Kunst und Energie

"Die Freiheit nutzen"

Justin Hoffmann, Direktor des Kunstvereins Wolfsburg, hat sich als Jahresthema die Energie gewählt - und zeigt zur Phaenomenale solarbetriebene Kunst

Justin Hoffmann, die digitalen Entwicklungen überholen das, was wir an Reflexion leisten können, zunehmend. Kann man da mit Kunst gegensteuern?

Nach Pierre Bourdieu gehört es zum Charakter der Kunst, gesellschaftliche Defizite aufzugreifen und zu behandeln. Die Digitalisierung ist eine Entwicklung, die in ihrer Dimension schwer zu begreifen und zu prognostizieren ist. Die Kunst kann jedoch mit sinnlichen und kog­nitiven Mitteln zu einem besseren Verständnis beitragen. Im Programm des Kunstvereins Wolfsburg spielt die Auseinandersetzung mit den neuen technologischen Phänomenen, auch auf visueller Ebene, deshalb eine wichtige Rolle.

Der Kunstverein Wolfsburg zeigt passend zur Phaenomenale die Schau "Erneuerbare Medien".  Wie sind Sie vorgegangen?

Das Thema Energie ist relevant, der Kunstverein Wolfsburg beschäftigt sich im Jahr 2020 in vier Ausstellungen damit. Es waren künstlerische Arbeiten, die mich zu Ausstellungsthemen wie "Erneuerbare Medien" und "Too much power" anregten. Der Münchner Künstler Emanuel Mooner schickte mir im Sommer 2019 eine SMS, dass er gerade seine erste solarenergiebetriebene Kunstausstellung eröffnet habe. Das hat mich dazu ermutigt, eine Ausstellung zu konzipieren, in der nur künstlerische Arbeiten gezeigt werden, die sich mit regenerativen Energien beschäftigen. In der Meisterschülerinnen-und-Meisterschüler-Ausstellung der HBK Braunschweig im gleichen Jahr sah ich eine Videoinstallation der israelischen Künstlerin Chen Efraty, die in dieser Arbeit beschreibt, warum sie keine Kraft mehr hat, Kunst zu machen. Diese und andere Werke, die mir begegneten, motivierten mich, den Energiehaushalt des Individuums in einer Ausstellung mit dem Titel "Too much power (too little power)" zu thematisieren.

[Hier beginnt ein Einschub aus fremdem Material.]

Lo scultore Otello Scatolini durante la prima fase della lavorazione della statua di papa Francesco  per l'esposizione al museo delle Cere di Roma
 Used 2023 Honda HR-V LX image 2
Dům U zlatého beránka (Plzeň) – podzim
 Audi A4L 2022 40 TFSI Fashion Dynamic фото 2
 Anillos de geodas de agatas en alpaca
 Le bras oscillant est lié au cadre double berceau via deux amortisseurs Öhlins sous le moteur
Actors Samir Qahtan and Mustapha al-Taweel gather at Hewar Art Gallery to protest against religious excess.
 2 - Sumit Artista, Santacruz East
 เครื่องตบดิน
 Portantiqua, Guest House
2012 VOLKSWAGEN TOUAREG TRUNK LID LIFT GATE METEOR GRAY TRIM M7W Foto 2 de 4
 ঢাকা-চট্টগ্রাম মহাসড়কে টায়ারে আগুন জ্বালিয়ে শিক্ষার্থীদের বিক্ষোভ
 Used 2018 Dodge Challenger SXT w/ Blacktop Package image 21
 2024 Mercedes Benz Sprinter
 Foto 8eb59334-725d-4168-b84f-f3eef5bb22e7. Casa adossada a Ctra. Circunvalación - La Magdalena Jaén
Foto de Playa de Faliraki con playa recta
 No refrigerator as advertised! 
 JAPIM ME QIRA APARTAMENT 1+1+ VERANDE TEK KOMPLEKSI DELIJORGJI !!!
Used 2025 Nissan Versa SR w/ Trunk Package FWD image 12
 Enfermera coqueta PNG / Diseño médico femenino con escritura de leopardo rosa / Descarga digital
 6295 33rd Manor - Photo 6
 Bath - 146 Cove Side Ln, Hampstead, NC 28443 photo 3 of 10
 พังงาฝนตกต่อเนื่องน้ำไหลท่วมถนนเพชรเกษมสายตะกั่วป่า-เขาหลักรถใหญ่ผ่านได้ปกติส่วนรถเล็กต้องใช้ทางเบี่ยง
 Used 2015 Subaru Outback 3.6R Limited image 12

Der Begriff "Energie" reicht von der Frage nach Ressourcen bis hin ins Spirituelle. Wie bleibt man da präzise?

Hätte der Begriff der Energie nicht verschiedene Bedeutungsebenen, wäre er für ein Jahresthema eines Kunstvereins wenig tauglich. Die Präzisierung erfolgt dadurch, dass jede der vier Ausstellungen im Jahr 2020 eine bestimmte Facette dieses Begriffs aufgreift und so als inhaltlicher Rahmen für verschiedene künstlerische Arbeiten dienen kann. Wir ergänzen das zusätzlich durch Veranstaltungen mit diskursiver Ebene. Zum Beispiel in unserem Vermittlungsprojekt namens "Lokale Liaison", wo wir Gespräche mit Jugendlichen führen.

Energie ist ein Schlüsselbegriff für die Zukunft der Menschheit. Überfordert sich die Kunst nicht mit diesen ganz großen Fragen?

Gerade Künstlerinnen und Künstler haben die Freiheit, sich mit großen, aber auch kleinen Themen zu beschäftigen, ohne alles bis zum Letzten begründen zu müssen. Diese Freiheit sollten sie nutzen und sich nicht mit formalen Experimenten im Kreis drehen. Künstler wie Joseph Beuys oder Gustav Metzger, die grundlegende soziale Veränderungen anstrebten, sind mir lieber als angepasste, ängstliche Positionen. Man sollte auch den Kunstrezipienten in dieser Frage nicht unterfordern.